> [Data below]:
++++
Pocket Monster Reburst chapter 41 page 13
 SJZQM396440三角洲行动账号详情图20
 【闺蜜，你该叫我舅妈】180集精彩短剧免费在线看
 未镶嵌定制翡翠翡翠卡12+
++++
> [What is being asked]:
Would you please reproduce every line from the one containing "SJZQM396440三角洲行动账号详情图20" through the final line of the listing, and only those lines?

> [Answer space]:
 SJZQM396440三角洲行动账号详情图20
 【闺蜜，你该叫我舅妈】180集精彩短剧免费在线看
 未镶嵌定制翡翠翡翠卡12+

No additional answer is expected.